■ Task requirements ■
Entries below include pictures. Output exactly the lines from the one with "PEAR SOX Mesh" down to the one with "Green Crew Neck", both ends included, and leave the pictures out.

── Exercise data

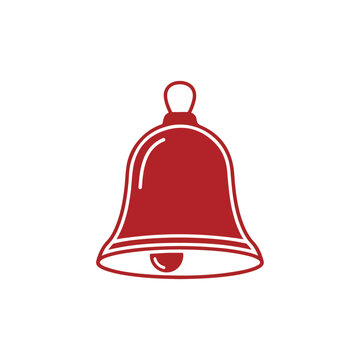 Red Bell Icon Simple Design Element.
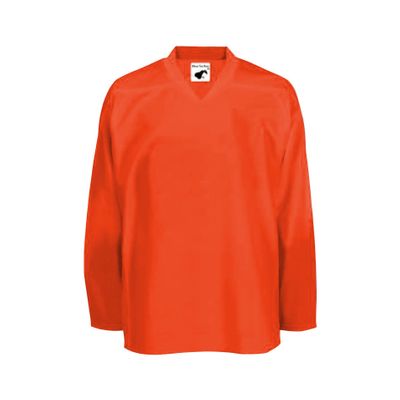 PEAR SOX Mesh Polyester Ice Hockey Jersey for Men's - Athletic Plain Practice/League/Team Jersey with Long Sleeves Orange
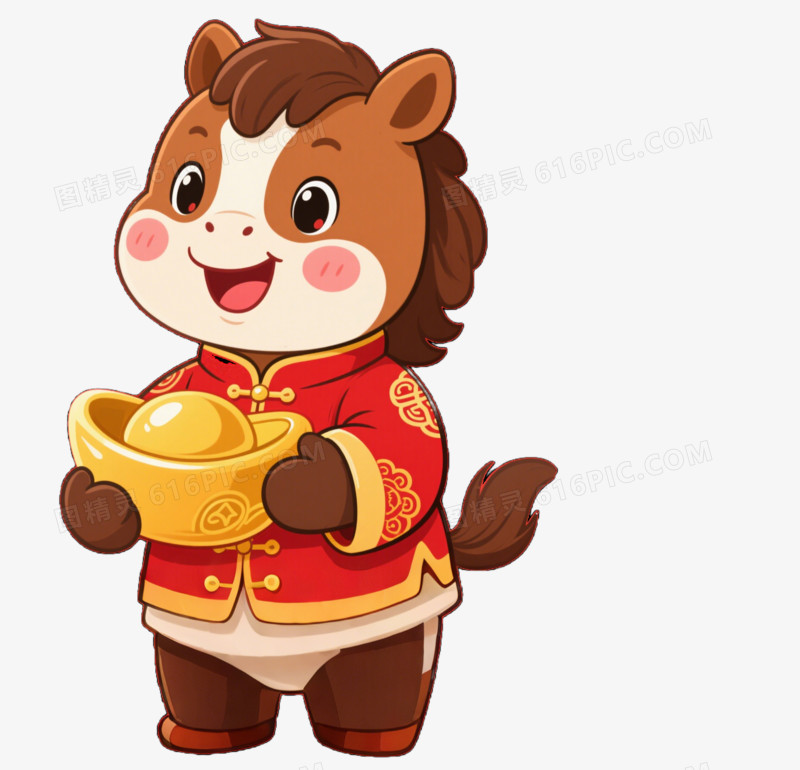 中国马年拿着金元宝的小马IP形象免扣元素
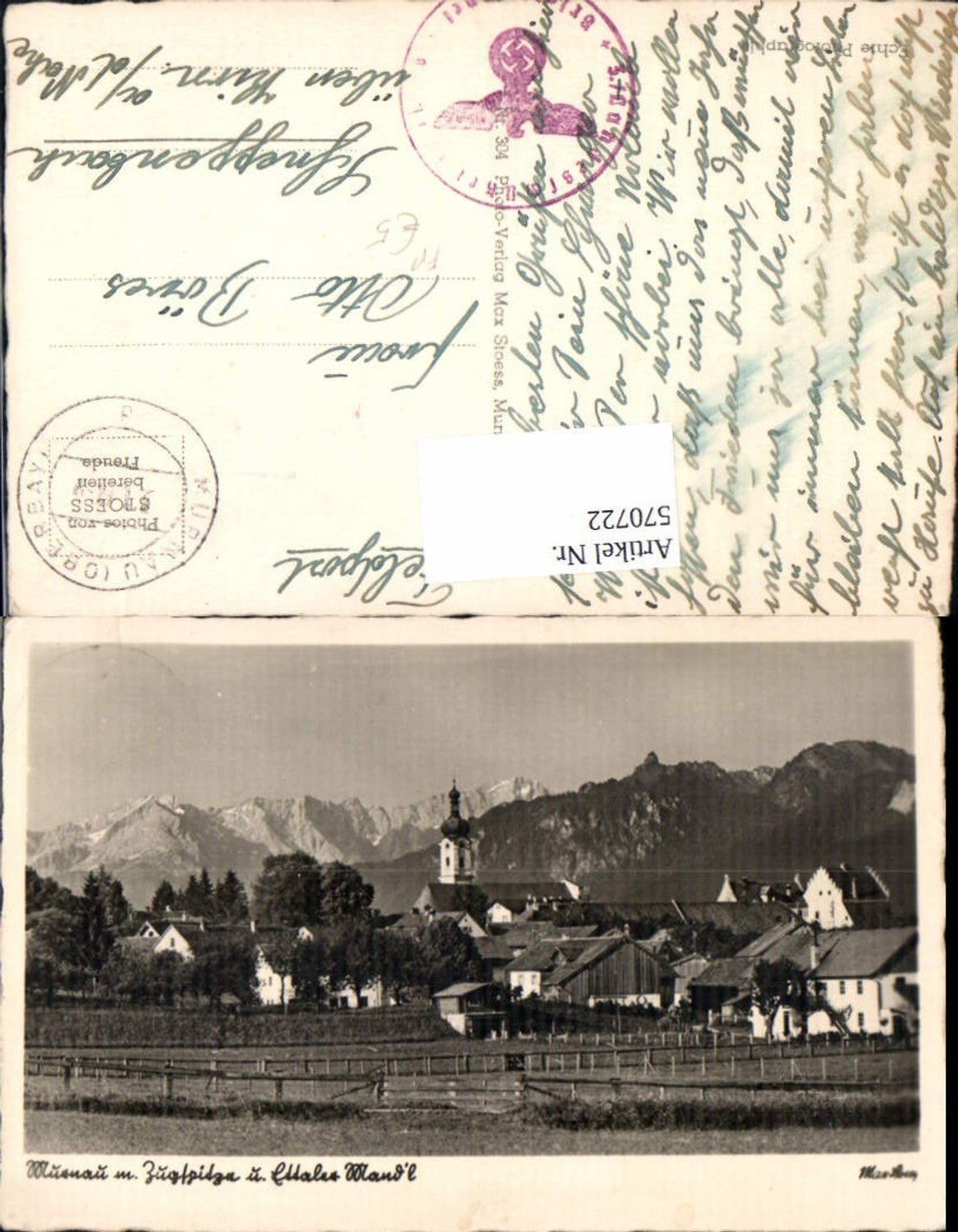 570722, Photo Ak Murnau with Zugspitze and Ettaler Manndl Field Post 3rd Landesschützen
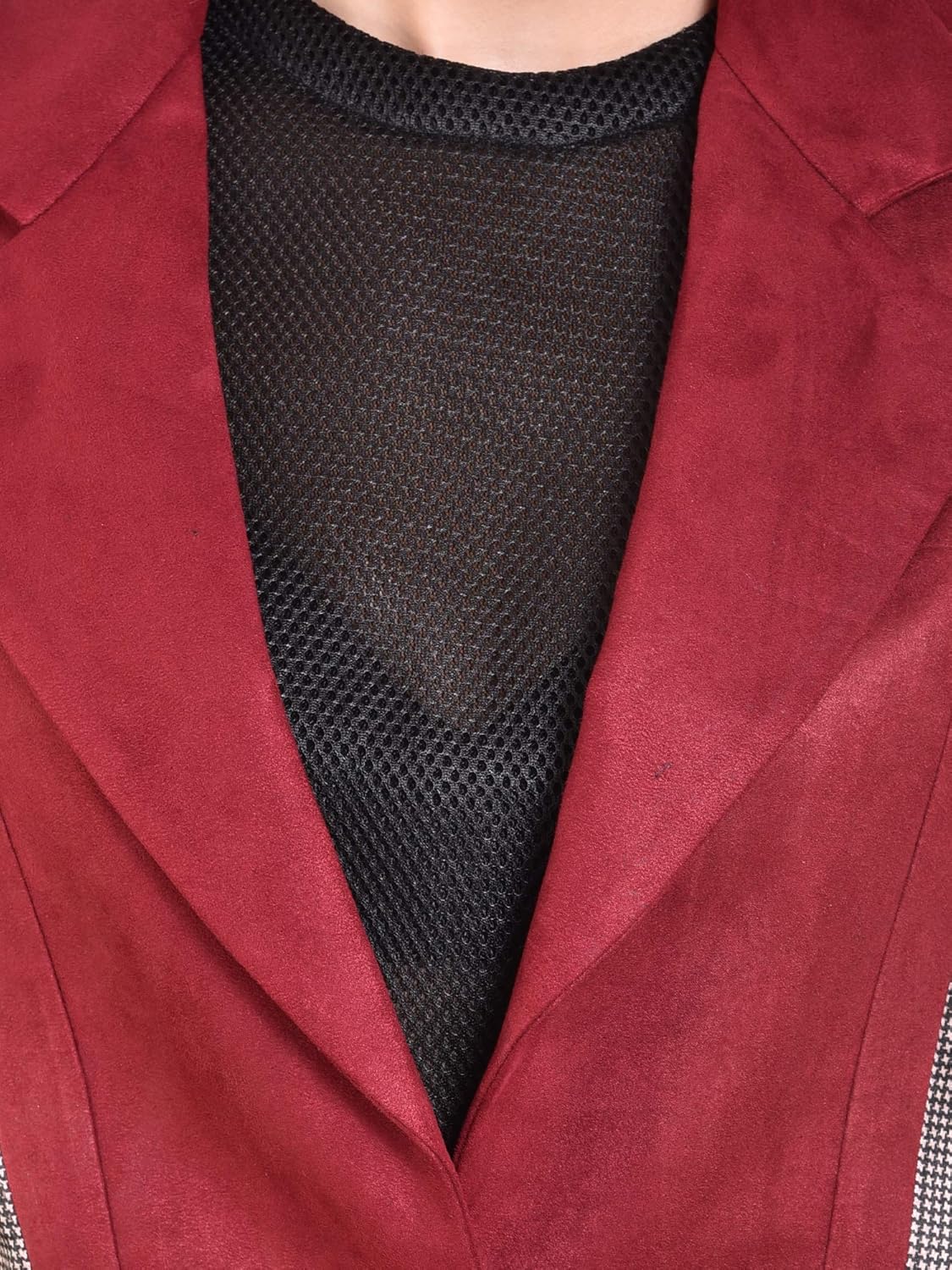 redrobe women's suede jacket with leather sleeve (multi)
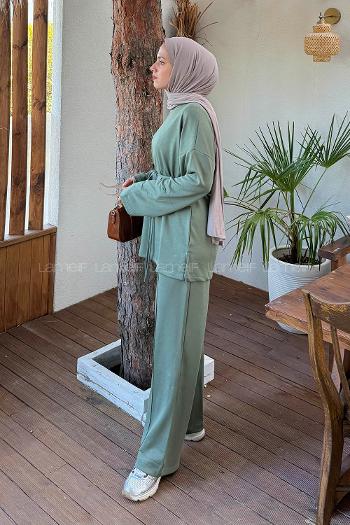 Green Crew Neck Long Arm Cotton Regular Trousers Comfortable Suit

────
── Exercise data

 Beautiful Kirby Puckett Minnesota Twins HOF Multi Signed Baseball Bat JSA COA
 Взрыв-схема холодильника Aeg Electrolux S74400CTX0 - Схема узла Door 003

────
── Exercise data

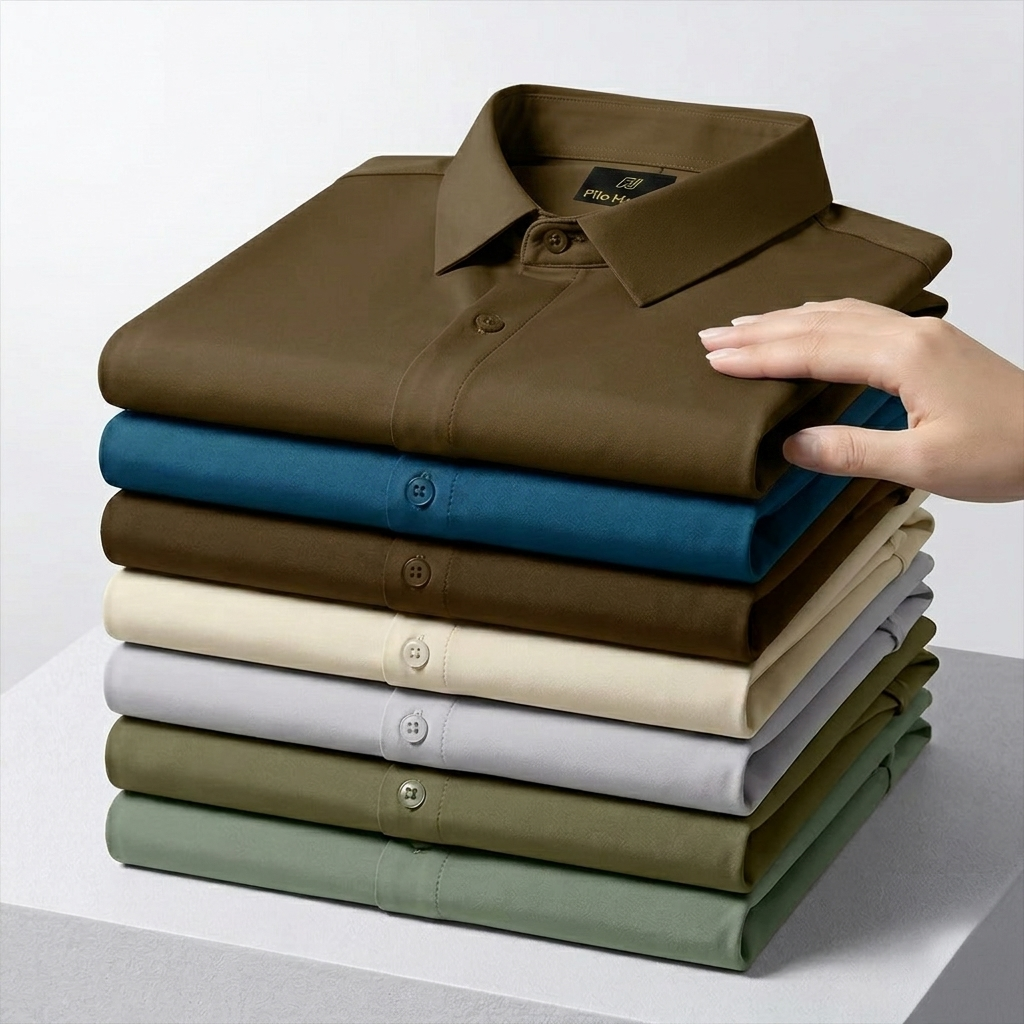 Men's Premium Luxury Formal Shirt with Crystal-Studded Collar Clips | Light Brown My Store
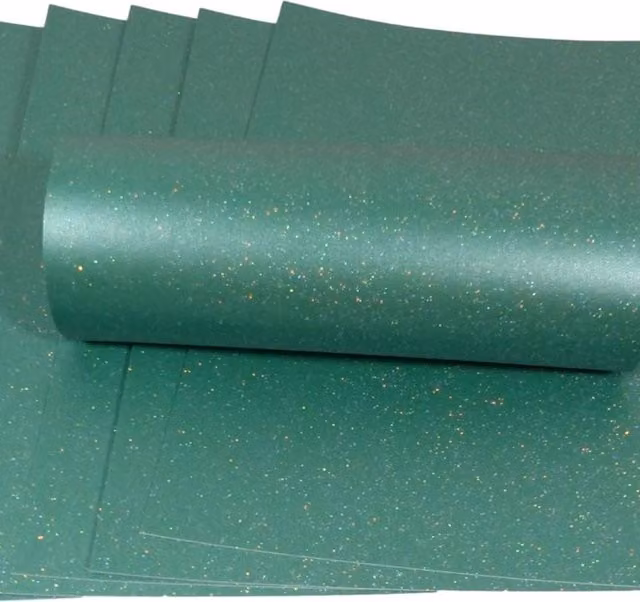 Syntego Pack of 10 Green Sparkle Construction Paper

────

■ Your response ■
 PEAR SOX Mesh Polyester Ice Hockey Jersey for Men's - Athletic Plain Practice/League/Team Jersey with Long Sleeves Orange
 中国马年拿着金元宝的小马IP形象免扣元素
 570722, Photo Ak Murnau with Zugspitze and Ettaler Manndl Field Post 3rd Landesschützen
 redrobe women's suede jacket with leather sleeve (multi)
 Green Crew Neck Long Arm Cotton Regular Trousers Comfortable Suit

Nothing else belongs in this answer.